El problema más serio en casi toda América Latina es que el Estado no ha actuado como la institución universal, abstracta, garante del Estado de derecho; por lo contrario, ha funcionado como mecanismo para fabricar fortunas, construir clases artificiales y privilegiar elites. 

La presunción de inocencia, pilar de un sistema de derecho democrático, no parece aplicarse con igualdad en el caso de los políticos. La opinión pública, los medios de comunicación, y los ‘opinadores’ profesionales o amateurs, se abalanzan a asumir que por defecto son culpables. Y lo peor de todo es que no importa si al final son inocentes, porque la sombra de la sospecha, siempre les manchará, a ellos al igual que a todo aquel que dedique parte de su tiempo, profesionalmente o no, a la política.

 “¿Algo habrá no?” “¿Algo habrán pillado?” “¿Por qué iban a estar ahí sino?” Quién no ha pensado esto cuando se ha publicado la inocencia de algún político presunto culpable.

Pero una vez que hemos reconocido la dignidad de dedicarse a la política en democracia, por muy demacrada y explotada que se encuentre por el mal uso que determinados responsables hacen de ella, no es frívolo reconocer el daño que a la sociedad nos hacen esos casos de políticos que sí que son corruptos. 

Y aquí viene la cuestión principal que me gustaría plantear. ¿Tanto os equivocáis a la hora de elegir a esas personas? ¿Vienen ya predispuestas a primar el beneficio personal sobre el interés público? Son, por así decirlo, “malas personas”, delincuentes que han tenido la habilidad de “zarandear”.

¿O hay algo en vuestro sistema, en vuestra forma de organizar la gestión de lo público que dota de “normalidad” a esta perversión democrática? ¿Hasta qué punto durante años se han “normalizado” comportamientos que deberían ser excepcionales? Y no cabe duda que ahí los partidos políticos tienen una responsabilidad primordial. 

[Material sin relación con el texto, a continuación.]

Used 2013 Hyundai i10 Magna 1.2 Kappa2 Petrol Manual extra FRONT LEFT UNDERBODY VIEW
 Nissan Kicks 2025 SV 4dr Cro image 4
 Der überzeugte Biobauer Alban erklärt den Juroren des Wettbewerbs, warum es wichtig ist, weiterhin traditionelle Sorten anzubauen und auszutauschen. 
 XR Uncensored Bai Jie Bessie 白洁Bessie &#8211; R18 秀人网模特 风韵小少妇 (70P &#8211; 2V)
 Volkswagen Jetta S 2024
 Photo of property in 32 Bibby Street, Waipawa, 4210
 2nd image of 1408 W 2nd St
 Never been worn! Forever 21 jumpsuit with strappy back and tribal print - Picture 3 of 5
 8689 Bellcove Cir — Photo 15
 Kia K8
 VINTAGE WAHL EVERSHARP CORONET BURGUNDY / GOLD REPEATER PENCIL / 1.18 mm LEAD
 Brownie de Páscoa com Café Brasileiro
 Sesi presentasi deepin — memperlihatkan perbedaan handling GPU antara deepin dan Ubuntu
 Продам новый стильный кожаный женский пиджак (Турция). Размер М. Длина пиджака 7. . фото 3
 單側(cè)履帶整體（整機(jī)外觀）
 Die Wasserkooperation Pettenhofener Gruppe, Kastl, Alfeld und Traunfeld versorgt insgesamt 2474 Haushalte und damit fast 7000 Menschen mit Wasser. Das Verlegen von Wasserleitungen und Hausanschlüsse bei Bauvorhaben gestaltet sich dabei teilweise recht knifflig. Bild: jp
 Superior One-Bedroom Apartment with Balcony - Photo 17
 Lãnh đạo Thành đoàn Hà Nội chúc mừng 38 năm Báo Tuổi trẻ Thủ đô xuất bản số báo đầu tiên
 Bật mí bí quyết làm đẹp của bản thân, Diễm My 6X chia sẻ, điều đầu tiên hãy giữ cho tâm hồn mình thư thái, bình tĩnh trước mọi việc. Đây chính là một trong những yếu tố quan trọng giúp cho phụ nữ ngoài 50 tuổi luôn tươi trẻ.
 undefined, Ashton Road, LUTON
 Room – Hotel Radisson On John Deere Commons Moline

Pero ahí está la clave, claro, la “normalidad” con la que la sociedad y los servidores públicos han asumido un sistema perverso, podrido, que alimenta y promueve los peores instintos del ser humano. La banalidad del mal no es otra cosa que la insignificancia del individuo partícipe imprescindible de ese mecanismo, no como motor, pero sí como engranaje necesario. Libre de responsabilidad ética y moral, al fin y al cabo, él es uno más.

Hasta qué punto el ciudadano común, el servidor público común, el político común, que no es “malo” por naturaleza, se ciega ante la corrupción; o bien la comete al verla como algo normalizado en el entorno o bien decide cerrar los ojos y actuar como si no fuera asunto suyo, al no sentirse responsable último. 

Quizá porque durante años nadie parecía darle importancia a pequeños “atajos” que cada vez iban a más, quizá porque los responsables últimos consideraron que era preferible no “tocar” a quien les garantizaba mayor cuota de poder institucional debido a su popularidad por algo “insignificante”. Quizá porque casi ningún ciudadano prefirió preguntarse por esas “pequeñas” cuestiones o rumores de corrupción o “atajos” ante las políticas para la “mayoría”.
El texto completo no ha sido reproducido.